The appraisers select an umpire. If the two appraisers can’t reach an agreement, the dispute goes to a neutral umpire.
A binding decision is made. If two out of the three agree on the amount of loss, that decision becomes final and binding.
This process helps avoid lengthy litigation, speeds up resolution, and ensures a fair valuation when estimates don’t match up.
When Is a Loss "Ripe for Appraisal"?
Not every claim is a good fit for appraisal. Here are some signs that a loss may be ripe for appraisal:
✅ There’s a disagreement on the amount of damage or repair costs.
If the insurance company acknowledges the damage but offers a lower payout than what’s necessary for repairs, appraisal can help resolve the valuation dispute.
✅ Coverage has already been determined.
Appraisal won’t decide whether the loss is covered—only how much it’s worth.

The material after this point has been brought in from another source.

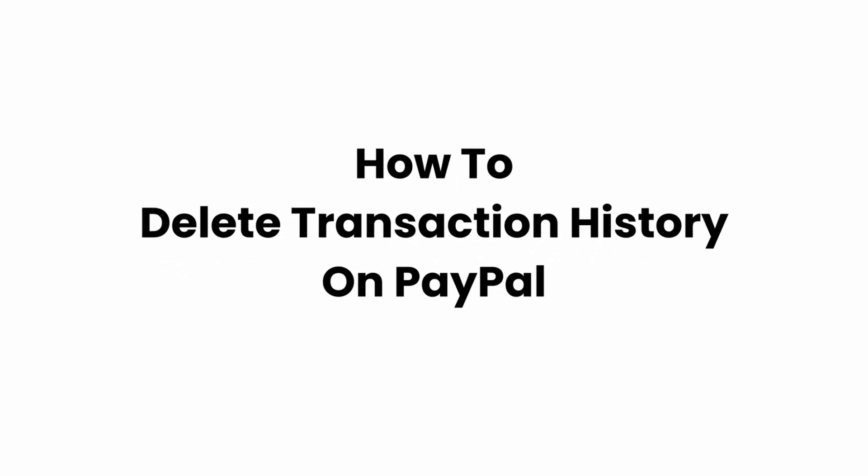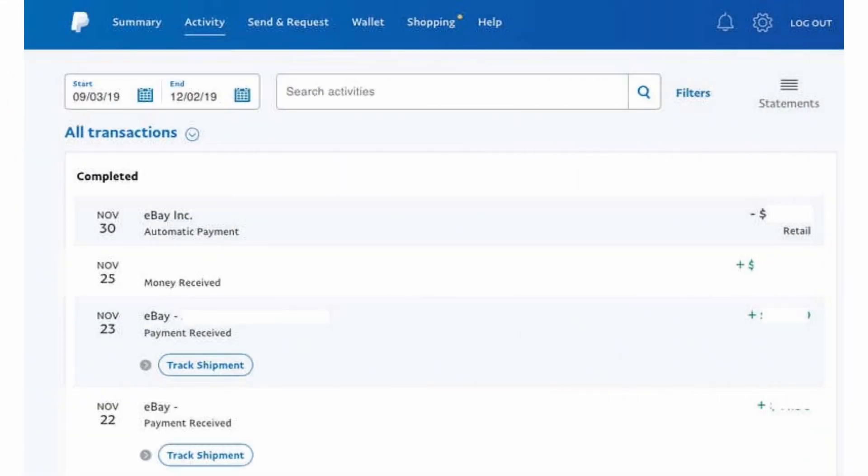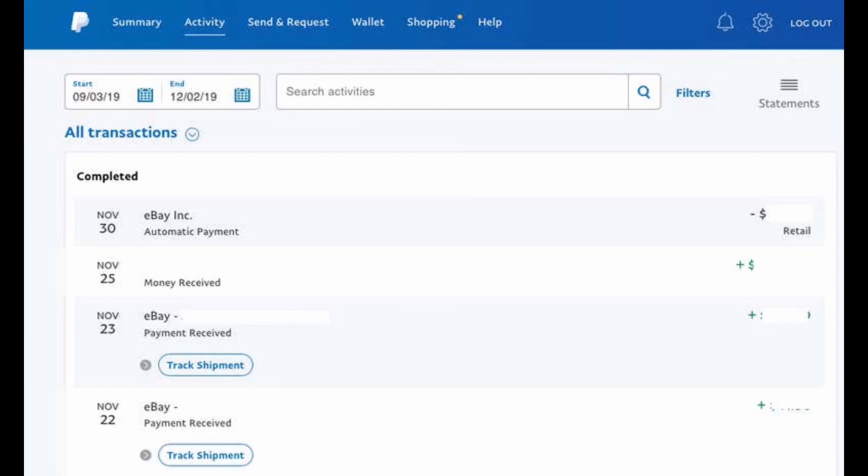How to delete transaction history on PayPal. Welcome or welcome back to Click Sorcerer and let's jump right into this video. First and foremost, open up your PayPal application or go to the PayPal website and login into your account.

If the insurer denied the claim outright due to policy exclusions, appraisal isn’t the right path.
✅ Both sides have provided estimates, but there’s a significant gap.

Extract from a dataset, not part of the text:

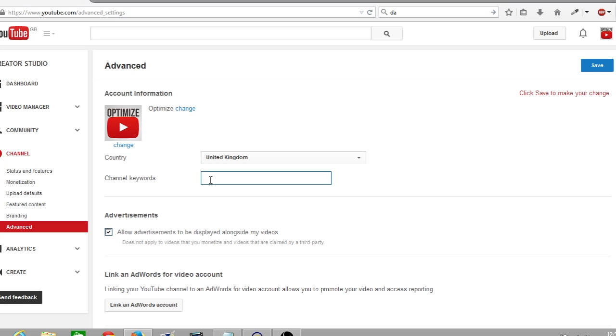Use keywords that relate to your YouTube channel and your content. This will both help Google and YouTube rank and index your channel on the search results.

If the policyholder’s contractor or public adjuster has an estimate of $50,000, and the insurer is only offering $20,000, appraisal can be a way to bridge the difference without a lawsuit.

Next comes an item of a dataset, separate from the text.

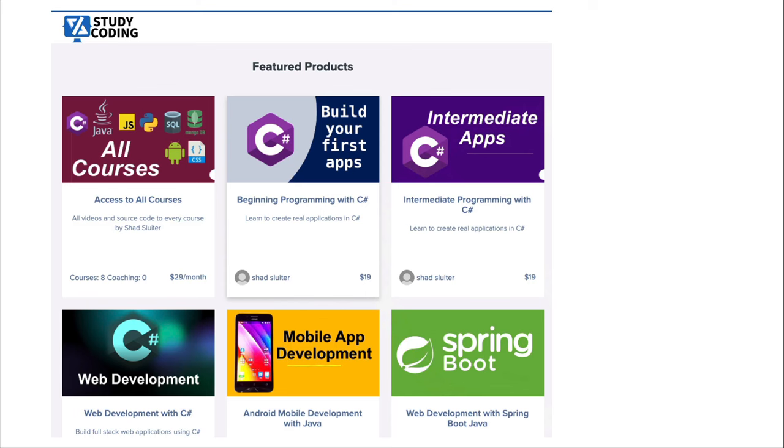If you'd like to learn how to build applications from your first to your expert level, then check out my website at studycoding.org where you can learn how to do these things in depth.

✅ Negotiations have stalled.
If discussions with the adjuster aren’t getting anywhere and a fair settlement feels out of reach, invoking appraisal may be the next logical step.
When Appraisal May Not Be the Best Option
🚫 The dispute involves policy interpretation. If the insurer is denying coverage due to exclusions, misrepresentation, or policy language disputes, appraisal won’t help—these issues typically require legal action.
🚫 The cost of appraisal outweighs the dispute. While appraisal is usually cheaper than litigation, both parties must pay for their own appraiser, and they split the umpire’s fee. If the amount in question is small, the cost may not justify the process.
🚫 The damage is still unfolding. If additional damage is discovered, or repairs reveal hidden issues, it may be better to address those before moving forward with appraisal.
Final Thoughts
Appraisal is a powerful tool for resolving disputes fairly and efficiently—when used at the right time. If you’re facing a significant difference in damage valuation and coverage isn’t in question, appraisal could be the key to getting a fair settlement.
If you're unsure whether your loss is ripe for appraisal, reach out to an experienced appraiser who can guide you through the process. A well-executed appraisal can mean the difference between a shortfall and a fair recovery.